I am working on a TabularPandas
problem, and I am defining my data as follows:
data = TabularPandas(
df,
[Categorify, FillMissing],
categorical_variables,
continuous_variables,
y_names=dependent_variable,
splits=split_indices,
)
which results in a CrossEntropy loss function when instantiating a tabular_learner
, and works great.
At a later point I am resetting the data split (I am using ensembles). I don’t know if there is an easy way to do this, but what I am trying is first stitching up my data in a single DataFrame:
data_df = pd.concat([data.train.xs, data.valid.xs])
data_df[data.y_names[0]] = pd.concat([data.train.y, data.valid.y])
and then redeclaring a TabularPandas
object, exactly like before!
data = TabularPandas(
data_df,
[Categorify, FillMissing],
data.cat_names,
data.cont_names,
y_names=data.y_names[0],
splits=splits,
)
where I pass new lists of indices for splits.

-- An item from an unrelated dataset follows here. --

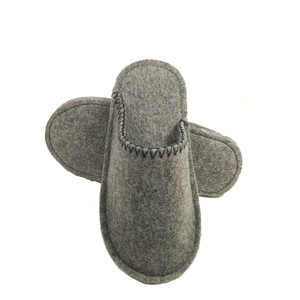 Unisexe respirant hiver chaud laine naturelle <span class=keywords><strong>feutre</strong></span> léger dos ouvert <span class=keywords><strong>pantoufle</strong></span> intérieure souple <span class=keywords><strong>Semelle</strong></span> intérieure pour hommes - Product Image 1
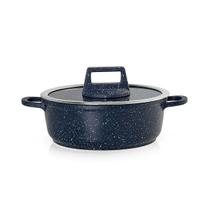 Caçarola Panela 24cm Antiaderent Azul Graniflon Moda Do Chef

The DataFrames seem correct (data.train.xs.head()
gives the same result before and after if I don’t get new indices for the split). But now my loss is MSELoss
, which is clearly not what I need. I guess I can manually fix my loss, but I need to understand why this is changing, because it may indicate other problems I am overlooking.
I double checked that data.train.y
and data.valid.y
are both dtype: int8
.
Big thanks!